Bank of England Governor Mark Carney hinted on Thursday that financial markets were wrong to assume that an interest rate hike in May should be expected, underlining that there were also “other meetings” this year.
Speaking to BBC news on the sidelines of the IMF spring meetings in Washington, the leader of the English central bank said that the interest rates were still likely to gradually increase this year, but softer data had given the Monetary Policy Committee a reason to hesitate. He said the committee was now aware that there are other meetings in 2018 when it can consider rates.
The comment dashed widespread expectations for monetary policy tightening in May. Interest-rate futures markets have estimated the probability of a rate increase next month of up to 90 percent.

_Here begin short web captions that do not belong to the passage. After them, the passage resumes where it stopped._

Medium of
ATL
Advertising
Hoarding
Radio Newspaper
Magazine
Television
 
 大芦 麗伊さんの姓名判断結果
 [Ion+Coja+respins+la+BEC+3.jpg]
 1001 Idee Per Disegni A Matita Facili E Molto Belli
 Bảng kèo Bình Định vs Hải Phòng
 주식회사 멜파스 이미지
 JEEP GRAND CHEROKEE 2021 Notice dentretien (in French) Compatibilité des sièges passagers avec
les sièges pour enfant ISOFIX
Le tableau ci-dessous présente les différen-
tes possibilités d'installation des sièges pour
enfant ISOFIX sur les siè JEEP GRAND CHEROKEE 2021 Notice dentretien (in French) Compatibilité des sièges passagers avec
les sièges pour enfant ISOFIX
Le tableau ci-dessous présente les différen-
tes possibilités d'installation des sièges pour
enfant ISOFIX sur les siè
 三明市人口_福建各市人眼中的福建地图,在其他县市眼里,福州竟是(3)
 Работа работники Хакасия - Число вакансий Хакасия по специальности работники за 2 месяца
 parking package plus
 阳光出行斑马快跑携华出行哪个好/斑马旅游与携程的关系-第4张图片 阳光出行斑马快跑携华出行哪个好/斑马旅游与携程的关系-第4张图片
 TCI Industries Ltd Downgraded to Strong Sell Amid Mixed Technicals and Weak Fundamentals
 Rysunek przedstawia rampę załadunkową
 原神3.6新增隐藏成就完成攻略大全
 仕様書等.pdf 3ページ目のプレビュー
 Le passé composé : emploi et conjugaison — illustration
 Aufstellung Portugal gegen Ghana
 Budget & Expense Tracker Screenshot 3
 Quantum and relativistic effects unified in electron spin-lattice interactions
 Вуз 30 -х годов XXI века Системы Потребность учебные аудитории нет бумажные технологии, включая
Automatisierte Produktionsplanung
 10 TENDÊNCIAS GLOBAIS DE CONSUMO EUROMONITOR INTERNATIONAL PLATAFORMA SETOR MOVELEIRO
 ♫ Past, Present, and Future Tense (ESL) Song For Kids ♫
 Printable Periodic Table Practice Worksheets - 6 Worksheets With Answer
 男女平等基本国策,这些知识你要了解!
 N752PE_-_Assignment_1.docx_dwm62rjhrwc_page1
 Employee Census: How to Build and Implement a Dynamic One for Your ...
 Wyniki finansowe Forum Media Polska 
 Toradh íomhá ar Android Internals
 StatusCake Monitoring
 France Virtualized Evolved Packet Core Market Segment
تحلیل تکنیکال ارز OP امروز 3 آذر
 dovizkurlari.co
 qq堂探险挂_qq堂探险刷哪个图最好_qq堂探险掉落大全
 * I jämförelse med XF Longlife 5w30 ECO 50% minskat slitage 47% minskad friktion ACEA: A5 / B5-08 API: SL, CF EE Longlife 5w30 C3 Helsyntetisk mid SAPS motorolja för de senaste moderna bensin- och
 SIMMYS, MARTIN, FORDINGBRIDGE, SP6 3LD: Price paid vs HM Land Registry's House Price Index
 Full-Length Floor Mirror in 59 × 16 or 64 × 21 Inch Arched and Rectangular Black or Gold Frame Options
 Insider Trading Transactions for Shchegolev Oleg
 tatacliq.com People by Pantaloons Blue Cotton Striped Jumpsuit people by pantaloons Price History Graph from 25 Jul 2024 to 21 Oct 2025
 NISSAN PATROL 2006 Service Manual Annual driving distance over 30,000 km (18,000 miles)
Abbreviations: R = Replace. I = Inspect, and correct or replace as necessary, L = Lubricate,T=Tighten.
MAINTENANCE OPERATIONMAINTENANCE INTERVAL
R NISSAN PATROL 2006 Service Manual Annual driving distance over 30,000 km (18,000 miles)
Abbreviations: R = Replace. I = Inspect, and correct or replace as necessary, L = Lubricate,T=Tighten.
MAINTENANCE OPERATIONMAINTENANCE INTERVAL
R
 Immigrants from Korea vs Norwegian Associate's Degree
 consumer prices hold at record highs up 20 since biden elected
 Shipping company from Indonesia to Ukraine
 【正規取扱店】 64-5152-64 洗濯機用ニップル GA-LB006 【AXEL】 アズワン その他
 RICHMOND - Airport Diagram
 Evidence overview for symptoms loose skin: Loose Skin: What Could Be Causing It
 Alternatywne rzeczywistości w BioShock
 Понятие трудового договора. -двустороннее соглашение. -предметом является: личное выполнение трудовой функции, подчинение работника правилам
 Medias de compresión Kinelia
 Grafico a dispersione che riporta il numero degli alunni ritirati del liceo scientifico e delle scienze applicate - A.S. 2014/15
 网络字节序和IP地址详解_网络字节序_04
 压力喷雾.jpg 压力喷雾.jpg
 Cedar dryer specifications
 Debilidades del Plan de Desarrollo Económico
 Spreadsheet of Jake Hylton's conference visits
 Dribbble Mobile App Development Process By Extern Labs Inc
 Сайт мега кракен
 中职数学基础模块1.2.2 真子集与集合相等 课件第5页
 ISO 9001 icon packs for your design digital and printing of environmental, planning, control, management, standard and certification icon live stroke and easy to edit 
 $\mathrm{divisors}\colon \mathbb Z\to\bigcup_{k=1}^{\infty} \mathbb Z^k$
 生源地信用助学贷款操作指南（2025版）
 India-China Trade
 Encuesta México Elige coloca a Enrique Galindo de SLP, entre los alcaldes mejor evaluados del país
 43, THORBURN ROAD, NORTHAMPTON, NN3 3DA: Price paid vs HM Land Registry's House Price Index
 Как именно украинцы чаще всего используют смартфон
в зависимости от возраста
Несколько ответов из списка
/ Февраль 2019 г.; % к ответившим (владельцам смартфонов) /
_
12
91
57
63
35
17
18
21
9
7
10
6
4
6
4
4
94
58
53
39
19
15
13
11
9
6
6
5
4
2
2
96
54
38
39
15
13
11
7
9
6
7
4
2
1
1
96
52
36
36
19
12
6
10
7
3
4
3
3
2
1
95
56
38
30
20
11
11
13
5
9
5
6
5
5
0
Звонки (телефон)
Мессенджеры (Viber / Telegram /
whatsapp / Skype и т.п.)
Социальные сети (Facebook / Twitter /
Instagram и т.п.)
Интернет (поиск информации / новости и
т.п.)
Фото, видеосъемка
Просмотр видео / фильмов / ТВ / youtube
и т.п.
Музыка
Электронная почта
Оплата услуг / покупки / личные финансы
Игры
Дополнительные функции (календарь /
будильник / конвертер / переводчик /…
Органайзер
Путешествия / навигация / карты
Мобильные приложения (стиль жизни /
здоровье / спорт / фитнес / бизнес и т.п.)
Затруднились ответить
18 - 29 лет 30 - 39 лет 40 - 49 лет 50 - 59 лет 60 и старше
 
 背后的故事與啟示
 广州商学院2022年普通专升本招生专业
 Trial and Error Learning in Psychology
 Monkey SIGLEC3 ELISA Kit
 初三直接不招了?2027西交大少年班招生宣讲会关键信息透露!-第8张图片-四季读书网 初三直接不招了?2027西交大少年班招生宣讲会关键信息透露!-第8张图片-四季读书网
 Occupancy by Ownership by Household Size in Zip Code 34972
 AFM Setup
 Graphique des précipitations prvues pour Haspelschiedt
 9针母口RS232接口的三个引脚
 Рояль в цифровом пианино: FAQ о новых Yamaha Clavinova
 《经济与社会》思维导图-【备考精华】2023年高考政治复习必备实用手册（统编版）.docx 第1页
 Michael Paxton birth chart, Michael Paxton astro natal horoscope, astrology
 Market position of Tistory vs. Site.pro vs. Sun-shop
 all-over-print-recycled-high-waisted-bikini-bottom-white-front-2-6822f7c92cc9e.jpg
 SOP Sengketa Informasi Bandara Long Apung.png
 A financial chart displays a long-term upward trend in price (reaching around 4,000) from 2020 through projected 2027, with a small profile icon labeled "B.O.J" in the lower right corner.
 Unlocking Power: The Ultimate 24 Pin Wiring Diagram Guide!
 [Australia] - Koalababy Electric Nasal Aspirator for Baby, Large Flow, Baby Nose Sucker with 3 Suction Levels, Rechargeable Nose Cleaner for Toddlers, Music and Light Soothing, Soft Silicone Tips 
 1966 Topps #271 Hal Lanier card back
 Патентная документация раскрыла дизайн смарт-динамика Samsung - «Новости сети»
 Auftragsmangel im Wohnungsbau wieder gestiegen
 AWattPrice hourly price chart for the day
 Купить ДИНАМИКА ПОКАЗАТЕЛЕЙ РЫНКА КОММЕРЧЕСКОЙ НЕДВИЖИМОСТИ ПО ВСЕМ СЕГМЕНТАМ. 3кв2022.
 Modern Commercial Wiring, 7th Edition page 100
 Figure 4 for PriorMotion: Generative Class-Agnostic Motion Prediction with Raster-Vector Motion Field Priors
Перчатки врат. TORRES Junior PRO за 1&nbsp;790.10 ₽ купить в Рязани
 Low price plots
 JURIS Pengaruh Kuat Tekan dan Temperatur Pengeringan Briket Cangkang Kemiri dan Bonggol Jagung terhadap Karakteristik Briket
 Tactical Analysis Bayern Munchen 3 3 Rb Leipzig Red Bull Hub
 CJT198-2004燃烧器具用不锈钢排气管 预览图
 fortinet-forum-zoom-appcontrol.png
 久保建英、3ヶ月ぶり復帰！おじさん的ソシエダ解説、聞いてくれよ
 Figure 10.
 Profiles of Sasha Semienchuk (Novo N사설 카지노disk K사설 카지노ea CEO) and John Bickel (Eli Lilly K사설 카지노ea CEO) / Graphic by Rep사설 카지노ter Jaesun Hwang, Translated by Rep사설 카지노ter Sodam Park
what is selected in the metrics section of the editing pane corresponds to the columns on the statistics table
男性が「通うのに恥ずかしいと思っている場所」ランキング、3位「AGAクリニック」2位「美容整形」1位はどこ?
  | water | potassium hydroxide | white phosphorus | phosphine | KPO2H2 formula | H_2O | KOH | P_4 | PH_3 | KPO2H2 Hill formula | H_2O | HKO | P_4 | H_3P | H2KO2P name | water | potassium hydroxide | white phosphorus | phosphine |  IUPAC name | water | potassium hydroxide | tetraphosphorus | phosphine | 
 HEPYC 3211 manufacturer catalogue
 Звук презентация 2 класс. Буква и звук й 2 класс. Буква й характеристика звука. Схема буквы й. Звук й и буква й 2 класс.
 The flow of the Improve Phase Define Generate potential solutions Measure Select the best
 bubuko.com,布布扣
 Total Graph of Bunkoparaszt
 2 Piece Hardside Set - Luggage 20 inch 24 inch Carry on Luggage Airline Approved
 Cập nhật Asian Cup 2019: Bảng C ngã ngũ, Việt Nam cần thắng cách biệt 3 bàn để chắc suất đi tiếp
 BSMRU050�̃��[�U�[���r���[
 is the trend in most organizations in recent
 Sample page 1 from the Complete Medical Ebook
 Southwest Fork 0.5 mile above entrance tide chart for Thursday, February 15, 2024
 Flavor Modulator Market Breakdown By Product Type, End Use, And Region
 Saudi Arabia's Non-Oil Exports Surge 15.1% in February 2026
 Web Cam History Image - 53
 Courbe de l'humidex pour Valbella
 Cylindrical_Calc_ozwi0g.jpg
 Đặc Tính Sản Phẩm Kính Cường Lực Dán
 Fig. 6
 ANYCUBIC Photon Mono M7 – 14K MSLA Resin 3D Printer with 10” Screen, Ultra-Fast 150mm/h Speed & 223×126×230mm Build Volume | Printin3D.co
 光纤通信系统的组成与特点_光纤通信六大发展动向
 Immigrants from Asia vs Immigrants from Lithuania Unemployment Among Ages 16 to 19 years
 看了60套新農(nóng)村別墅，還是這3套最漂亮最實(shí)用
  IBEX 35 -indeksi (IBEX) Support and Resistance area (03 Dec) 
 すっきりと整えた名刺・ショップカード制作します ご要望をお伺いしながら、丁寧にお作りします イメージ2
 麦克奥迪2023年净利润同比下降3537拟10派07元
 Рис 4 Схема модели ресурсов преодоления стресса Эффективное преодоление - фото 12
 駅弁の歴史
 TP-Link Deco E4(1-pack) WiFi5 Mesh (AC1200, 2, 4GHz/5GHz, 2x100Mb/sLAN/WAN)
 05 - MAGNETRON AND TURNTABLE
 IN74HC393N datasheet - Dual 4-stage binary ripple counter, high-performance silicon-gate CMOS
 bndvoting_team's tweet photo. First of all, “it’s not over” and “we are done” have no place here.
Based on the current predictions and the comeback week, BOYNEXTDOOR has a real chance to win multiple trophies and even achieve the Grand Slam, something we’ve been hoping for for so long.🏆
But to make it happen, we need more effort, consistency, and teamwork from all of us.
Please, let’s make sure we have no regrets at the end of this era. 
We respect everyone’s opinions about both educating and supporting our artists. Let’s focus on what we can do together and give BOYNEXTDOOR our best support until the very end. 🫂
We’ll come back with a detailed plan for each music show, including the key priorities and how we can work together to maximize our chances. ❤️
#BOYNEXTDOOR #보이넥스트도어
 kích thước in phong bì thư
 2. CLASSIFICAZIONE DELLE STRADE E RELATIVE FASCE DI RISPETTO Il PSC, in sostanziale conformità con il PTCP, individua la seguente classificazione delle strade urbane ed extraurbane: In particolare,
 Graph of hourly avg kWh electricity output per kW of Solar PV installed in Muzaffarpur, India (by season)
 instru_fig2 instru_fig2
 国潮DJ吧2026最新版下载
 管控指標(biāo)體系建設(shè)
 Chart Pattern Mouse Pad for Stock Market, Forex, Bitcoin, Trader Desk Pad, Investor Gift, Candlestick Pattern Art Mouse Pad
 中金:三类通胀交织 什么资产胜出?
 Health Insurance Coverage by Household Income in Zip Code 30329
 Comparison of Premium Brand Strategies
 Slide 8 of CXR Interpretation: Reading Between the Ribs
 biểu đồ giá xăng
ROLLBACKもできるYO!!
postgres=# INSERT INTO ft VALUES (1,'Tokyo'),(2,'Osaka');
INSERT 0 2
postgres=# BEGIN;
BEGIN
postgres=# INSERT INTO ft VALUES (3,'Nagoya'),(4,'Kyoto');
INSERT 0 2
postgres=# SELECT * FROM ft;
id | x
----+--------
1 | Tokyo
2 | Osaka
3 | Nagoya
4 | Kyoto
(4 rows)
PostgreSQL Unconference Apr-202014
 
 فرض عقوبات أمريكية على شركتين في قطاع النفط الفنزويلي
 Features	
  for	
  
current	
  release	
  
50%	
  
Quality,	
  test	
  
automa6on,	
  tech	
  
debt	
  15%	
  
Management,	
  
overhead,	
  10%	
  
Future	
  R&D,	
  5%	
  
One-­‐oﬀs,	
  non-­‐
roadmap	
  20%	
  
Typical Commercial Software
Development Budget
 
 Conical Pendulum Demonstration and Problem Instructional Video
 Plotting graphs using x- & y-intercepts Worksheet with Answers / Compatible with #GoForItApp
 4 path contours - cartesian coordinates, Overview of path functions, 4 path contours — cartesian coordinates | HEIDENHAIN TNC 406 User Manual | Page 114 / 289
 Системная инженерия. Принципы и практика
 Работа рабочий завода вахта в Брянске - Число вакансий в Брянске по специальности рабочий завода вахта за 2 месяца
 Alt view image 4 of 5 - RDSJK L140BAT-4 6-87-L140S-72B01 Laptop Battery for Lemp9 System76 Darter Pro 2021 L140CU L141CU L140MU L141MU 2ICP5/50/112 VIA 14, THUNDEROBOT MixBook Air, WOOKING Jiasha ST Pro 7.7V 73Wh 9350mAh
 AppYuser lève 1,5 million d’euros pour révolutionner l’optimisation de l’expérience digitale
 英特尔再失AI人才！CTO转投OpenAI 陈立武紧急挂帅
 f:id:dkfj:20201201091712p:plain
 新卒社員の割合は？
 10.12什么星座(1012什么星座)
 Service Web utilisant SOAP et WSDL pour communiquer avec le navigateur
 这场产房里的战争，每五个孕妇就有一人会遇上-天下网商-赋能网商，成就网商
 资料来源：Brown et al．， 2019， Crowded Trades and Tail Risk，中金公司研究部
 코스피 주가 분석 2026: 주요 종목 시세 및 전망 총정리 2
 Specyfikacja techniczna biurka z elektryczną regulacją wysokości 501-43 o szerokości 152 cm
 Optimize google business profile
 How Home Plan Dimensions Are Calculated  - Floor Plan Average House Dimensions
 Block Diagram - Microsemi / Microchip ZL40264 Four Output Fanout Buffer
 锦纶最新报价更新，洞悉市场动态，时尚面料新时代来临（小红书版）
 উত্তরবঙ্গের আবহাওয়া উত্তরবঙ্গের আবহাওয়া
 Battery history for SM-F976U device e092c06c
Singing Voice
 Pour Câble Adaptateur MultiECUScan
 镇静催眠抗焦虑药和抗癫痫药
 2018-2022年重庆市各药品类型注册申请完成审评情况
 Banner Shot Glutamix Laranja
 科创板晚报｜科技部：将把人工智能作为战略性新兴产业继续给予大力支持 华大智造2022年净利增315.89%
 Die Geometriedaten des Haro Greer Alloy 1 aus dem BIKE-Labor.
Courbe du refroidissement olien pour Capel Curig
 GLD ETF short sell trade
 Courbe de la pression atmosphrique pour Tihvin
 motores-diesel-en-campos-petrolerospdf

Carney said he does not want to be too focused on the exact timing, but more on the general path of the policy. He added that Britain should prepare for a “few interest rate rises over the next few years.”
The Sterling pound declined almost a cent against U.S. dollar to its lowest level since April 9 on the back of the comments, in which Carney underlined “mixed” economic data.
While unemployment declined to a new 45-year low and employment growth was strong, wage growth was weaker than anticipated. After the disappointing data, a steeper-than-expected decline in inflation.
In the end, Carney said that the result of the Britain’s divorce negotiations with the European Union would be the biggest factor in economic decisions in the coming years. He said that the central bank’s decision will be adjusted to the impact of those decisions in order to keep the economy on a stable path.